Don't be afraid to point these issues out with the owner because, they will be able to help you overcome these teething problems much quicker.  

There is no shame in admitting you've got some problems.  The owner will be able to guide you through sorting them out.

Good luck.


----------



## Leo Walker (5 September 2016)

My sharer has just been through this with mine. Hes foot perfect for everyone else but he sussed her out in seconds. Once he had got away with it once he just carried on. What he actually needed was a big bottom smacking the first time he chanced his arm and it would never have been an issue. However I have now spent time with her getting her to be more confident and more "in charge" of the situation and things have settled down again. Sometimes you just need an owners input to show you how best to handle the situation


----------



## paddy555 (6 September 2016)

FrankieCob said:



			My sharer has just been through this with mine. Hes foot perfect for everyone else but he sussed her out in seconds. Once he had got away with it once he just carried on. What he actually needed was a big bottom smacking the first time he chanced his arm and it would never have been an issue. However I have now spent time with her getting her to be more confident and more "in charge" of the situation and things have settled down again. Sometimes you just need an owners input to show you how best to handle the situation 

Click to expand...

I agree with this. Just a case of getting through who is in charge. If you try to lead him in and he won't then get him moving. Circle  him, he will have to move that way. Back him up. If necessary back him to where you want to go. I am sure he is very bright and will then soon learn you mean business. Same thing goes for riding. Not moving isn't an option. Tight circles, back up do anything to keep him moving. 
I'm afraid that if I couldn't get a horse moving the first time I tried to bring him in he wouldn't get an apple when I tried again! 
If you are giving treats cut them out. 

You say you are getting intimidated. He is simply picking this up and taking up his place as the leader in your little herd of 2. 
Change the focus. March up to him,  you are in charge and he is bliddy well going to move and quickly.


----------



## Zero00000 (6 September 2016)

My old girl is the same,
Far too smart for her own good and works people out very quickly!
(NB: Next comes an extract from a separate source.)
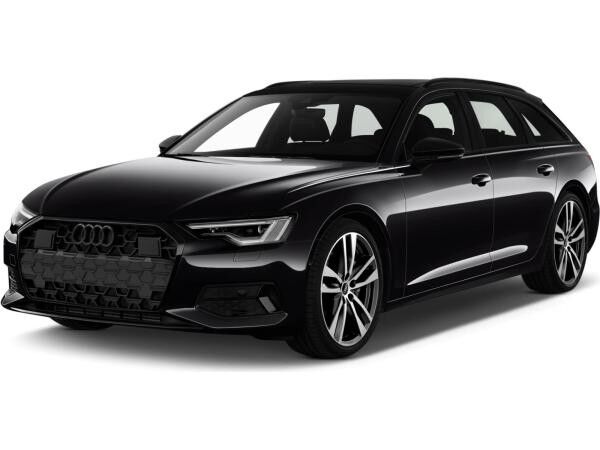 Audi A6 Avant advanced 45 TDI quattro - Audi Gebrauchtwagen :plus Wochen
Be firm, calm oh and wear a hat


----------



## texel (15 October 2016)

It is a question of familiarity  - you are new to him, your scent, mannerisms, adrenalin  etc.   he just isn't sure about you and isn't quite sure what your cues and signals mean and what you want him to do.   

Speaking from experience with sharers, the owner should be around to  help you and the horse adjust to each other.  We can say the horse is being awkward and testing us but to be fair he is probably so used to his owner's cues he does not recognise your   yet and if you are anxious yourself he will pick up on this.   Having said that some horses seem not to worry when a new human arrives on the scene and others do. 

As suggested don't give any treats and any horse that plants can be persuaded to move by controlling his head - where the head goes the feet follow.   Try basic groundwork so you can bond with him.

Let us know how it goes.


----------



## Ernest Doodles (15 October 2016)

Great response texel


----------



## Pearlsasinger (16 October 2016)

Take a schooling whip and swish it behind him, the noise often gets them moving.


----------



## soulfull (16 October 2016)

Speak to the owner. Honestly I would be very cross if my sharer had not told me straight away.


----------